Meta-All: a system for managing metabolic pathway information

Abstract

Background: Many attempts are being made to understand biological subjects at a systems level. A major resource for these approaches are biological databases, storing manifold information about DNA, RNA and protein sequences including their functional and structural motifs, molecular markers, mRNA expression levels, metabolite concentrations, protein-protein interactions, phenotypic traits or taxonomic relationships. The use of these databases is often hampered by the fact that they are designed for special application areas and thus lack universality. Databases on metabolic pathways, which provide an increasingly important foundation for many analyses of biochemical processes at a systems level, are no exception from the rule. Data stored in central databases such as KEGG, BRENDA or SABIO-RK is often limited to read-only access. If experimentalists want to store their own data, possibly still under investigation, there are two possibilities. They can either develop their own information system for managing that own data, which is very time-consuming and costly, or they can try to store their data in existing systems, which is often restricted. Hence, an out-of-the-box information system for managing metabolic pathway data is needed.

Results: We have designed META-ALL, an information system that allows the management of metabolic pathways, including reaction kinetics, detailed locations, environmental factors and taxonomic information. Data can be stored together with quality tags and in different parallel versions. META-ALL uses Oracle DBMS and Oracle Application Express. We provide the META-ALL information system for download and use. In this paper, we describe the database structure and give information about the tools for submitting and accessing the data.

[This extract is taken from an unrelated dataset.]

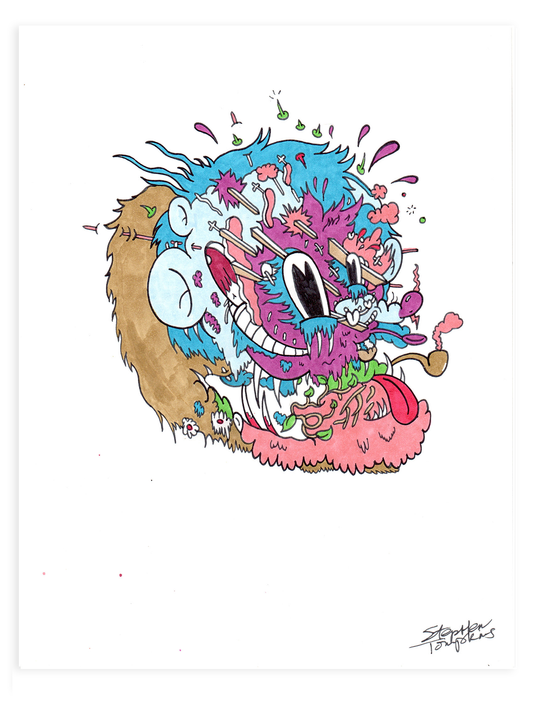 Stephen Tompkins "Lion" Original Color Ink Drawing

As a first application of META-ALL, we show how the information contained in a detailed kinetic model can be stored and accessed.

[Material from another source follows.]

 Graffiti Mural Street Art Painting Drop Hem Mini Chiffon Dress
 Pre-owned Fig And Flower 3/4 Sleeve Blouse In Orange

Conclusion: META-ALL is a system for managing information about metabolic pathways. It facilitates the handling of pathway-related data and is designed to help biochemists and molecular biologists in their daily research. It is available on the Web at http://bic-gh.de/meta-all and can be downloaded free of charge and installed locally.

Figure 1

Simplified schema of the Meta-All database. Simplified UML [30] structure diagram of the database schema. The complete schema is available at the META-ALL project Web page. Rectangles symbolise classes (e.g. substance) without attributes and methods. Lines between classes symbolise relationships between the classes, called associations. Small diamonds at one of the ends of a line symbolise part-of relations. A black diamond means a composition (the single parts cannot exist on their own), an open diamond means an aggregation (the single part can exist on its own). A line with a triangle at one of the ends symbolises an inheritance relation (e.g. both metabolite class and enzyme class belong to the substance class). Numbers next to lines specify the allowed cardinalities for an instance of that class, for example, the 1..* at the line between metabolite and macromolecule means that a macromolecule consists of at least one (1) metabolite up to an unlimited (*) number of metabolites.

Figure 2

Screenshot of the Meta-All Web-Interface. The Web-Interface is divided into several parts, which correspond with the main parts of the database schema as described in Fig. 1. There are tabs for substances, locations, conversions, pathways and the management of versions and publications. These tabs open sub-pages each with several items belonging to the particular part of the schema. a) shows an input form for inserting data about metabolites, and b) is a simple report listing enzymes. c) is showing taxonomy information of the organisms stored in the demo instance of META-ALL, and d) shows a step from a wizard for browsing top-down through a pathway. On the left side, there is a select list for choosing one of the substances listed in the report on the right side. These substances belong to a conversion selected in the previous step. By clicking on the "next"-button, details of the chosen substance will be shown.

Figure 3

Data from Meta-All visualised in Vanted. Visualisation of the sucrose breakdown pathway in the potato tuber [12]. The pathway data stored in META-ALL was exported into an SBML file using the SBML export filter. The file was subsequently loaded into the network visualisation system VANTED [22]. As the SBML format does not specify a layout of the model, an automatic force directed layout was applied which served as a starting point for the manual refinement of the overall model layout.